Given the lack of annotations and output schema, the description is incomplete for a tool that retrieves detailed information. It doesn't explain what 'detailed information' includes, how results are formatted, or any behavioral aspects like permissions or errors. For a tool with 2 required parameters and no structured output documentation, the description should provide more context to be fully helpful.

Complex tools with many parameters or behaviors need more documentation. Simple tools need less. This dimension scales expectations accordingly.

Parameters3/5

Does the description clarify parameter syntax, constraints, interactions, or defaults beyond what the schema provides?

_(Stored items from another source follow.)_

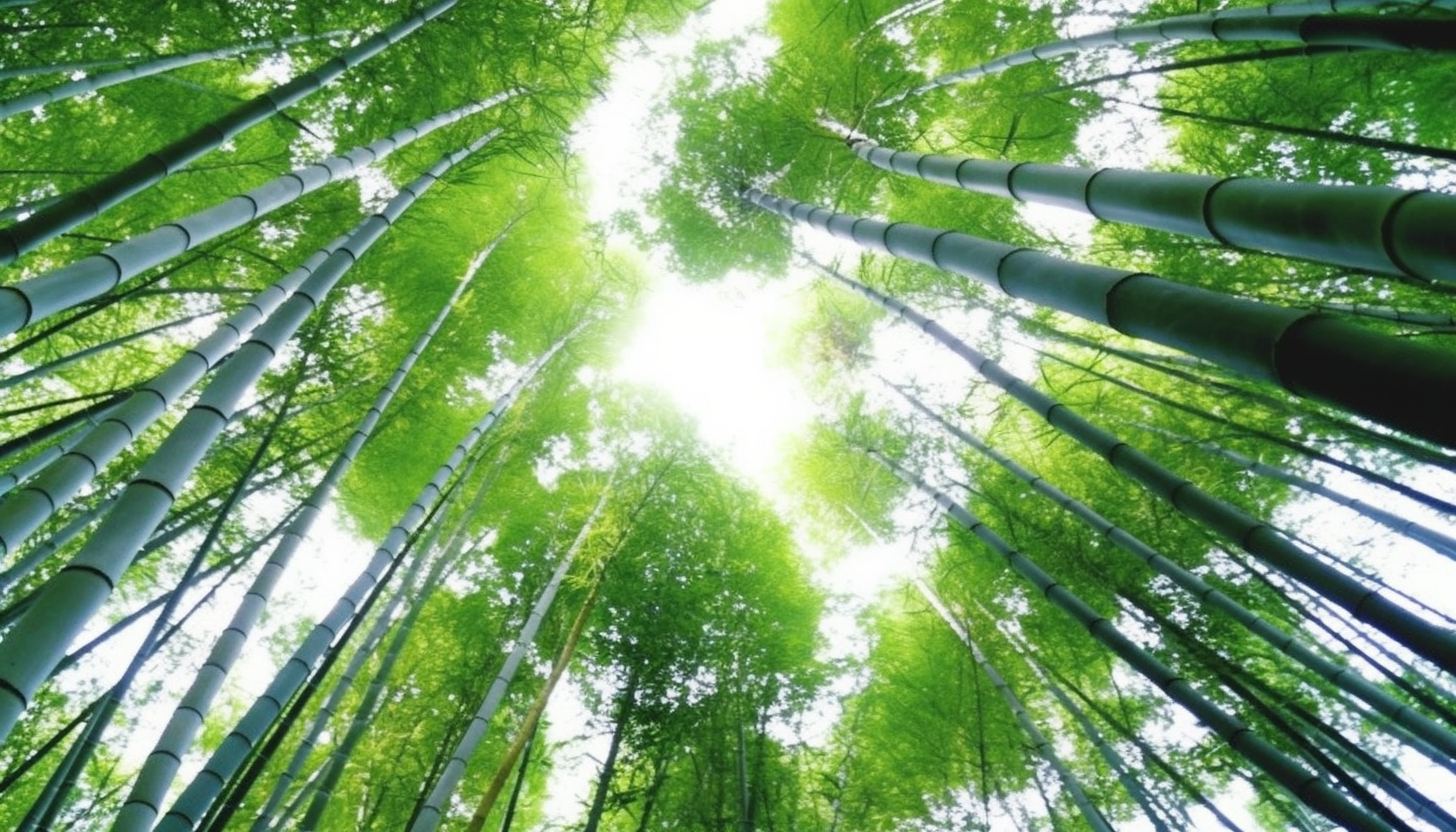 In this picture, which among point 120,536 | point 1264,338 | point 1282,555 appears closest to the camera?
point 1264,338

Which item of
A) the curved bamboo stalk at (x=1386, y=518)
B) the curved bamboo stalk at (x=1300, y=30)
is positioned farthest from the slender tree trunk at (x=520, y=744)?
the curved bamboo stalk at (x=1386, y=518)

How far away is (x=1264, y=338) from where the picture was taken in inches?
36.3

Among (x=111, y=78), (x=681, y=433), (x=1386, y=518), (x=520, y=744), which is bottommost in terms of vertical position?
(x=520, y=744)

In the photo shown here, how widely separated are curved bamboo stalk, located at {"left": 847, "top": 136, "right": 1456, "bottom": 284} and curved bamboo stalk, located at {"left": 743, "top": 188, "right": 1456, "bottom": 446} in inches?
4.1

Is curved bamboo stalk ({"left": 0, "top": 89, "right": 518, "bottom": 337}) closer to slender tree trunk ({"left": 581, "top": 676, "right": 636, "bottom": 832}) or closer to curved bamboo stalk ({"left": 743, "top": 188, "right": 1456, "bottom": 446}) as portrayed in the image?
curved bamboo stalk ({"left": 743, "top": 188, "right": 1456, "bottom": 446})

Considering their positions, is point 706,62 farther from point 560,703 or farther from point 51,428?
point 560,703

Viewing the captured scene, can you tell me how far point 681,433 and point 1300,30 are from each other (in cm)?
444

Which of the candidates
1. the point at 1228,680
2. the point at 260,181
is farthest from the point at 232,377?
the point at 260,181

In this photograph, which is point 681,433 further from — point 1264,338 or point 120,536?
point 1264,338

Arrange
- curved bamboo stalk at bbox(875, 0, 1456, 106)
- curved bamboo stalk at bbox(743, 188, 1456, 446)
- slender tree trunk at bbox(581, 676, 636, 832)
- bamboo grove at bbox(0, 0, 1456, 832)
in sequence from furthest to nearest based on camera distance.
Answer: slender tree trunk at bbox(581, 676, 636, 832) → bamboo grove at bbox(0, 0, 1456, 832) → curved bamboo stalk at bbox(875, 0, 1456, 106) → curved bamboo stalk at bbox(743, 188, 1456, 446)

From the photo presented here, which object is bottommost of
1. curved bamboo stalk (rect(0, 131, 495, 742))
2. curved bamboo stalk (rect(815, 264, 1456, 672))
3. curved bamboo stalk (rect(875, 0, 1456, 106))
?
curved bamboo stalk (rect(0, 131, 495, 742))

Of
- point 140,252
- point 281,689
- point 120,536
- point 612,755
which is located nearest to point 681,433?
point 612,755

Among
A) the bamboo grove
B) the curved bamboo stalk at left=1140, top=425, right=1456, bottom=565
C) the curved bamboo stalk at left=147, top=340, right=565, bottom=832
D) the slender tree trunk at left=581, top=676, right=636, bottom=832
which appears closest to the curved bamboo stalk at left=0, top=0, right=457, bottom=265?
the bamboo grove

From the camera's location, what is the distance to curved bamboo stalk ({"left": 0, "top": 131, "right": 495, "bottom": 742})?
46.6 inches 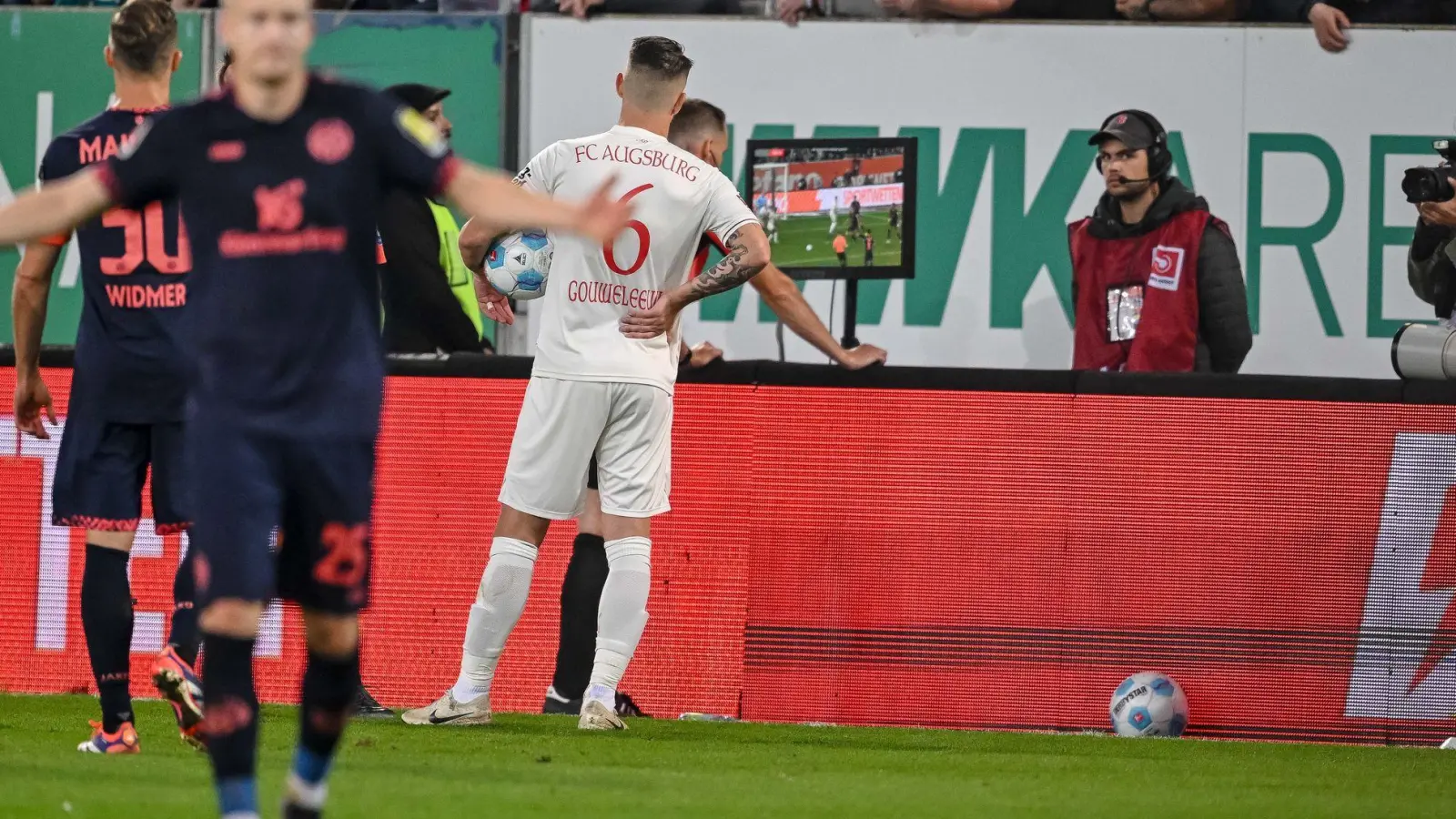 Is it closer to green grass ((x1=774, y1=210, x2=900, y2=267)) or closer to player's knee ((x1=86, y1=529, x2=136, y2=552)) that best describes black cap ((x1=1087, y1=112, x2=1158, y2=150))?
green grass ((x1=774, y1=210, x2=900, y2=267))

The schema description coverage is 100%, with both parameters ('publication_id' and 'subscriber_id') clearly documented in the schema. The description doesn't add any meaningful parameter semantics beyond what the schema already provides, such as format examples or contextual usage. This meets the baseline score when schema coverage is high.

Input schemas describe structure but not intent. Descriptions should explain non-obvious parameter relationships and valid value ranges.

Purpose4/5

Does the description clearly state what the tool does and how it differs from similar tools?

The description clearly states the tool's purpose with a specific verb ('Get') and resource ('detailed information about a specific subscriber'), making it immediately understandable. However, it doesn't explicitly differentiate this tool from sibling tools like 'get_subscribers' (which likely lists multiple subscribers) or 'get_publication_details' (which focuses on publications rather than subscribers), missing the opportunity for full sibling differentiation.

Agents choose between tools based on descriptions. A clear purpose with a specific verb and resource helps agents select the right tool.

Usage Guidelines2/5

Does the description explain when to use this tool, when not to, or what alternatives exist?

The description provides no guidance on when to use this tool versus alternatives. It doesn't mention when to choose 'get_subscriber_details' over 'get_subscribers' (for bulk vs. single subscriber queries) or other sibling tools, nor does it specify prerequisites or exclusions. This leaves the agent without contextual usage instructions.

Agents often have multiple tools that could apply. Explicit usage guidance like "use X instead of Y when Z" prevents misuse.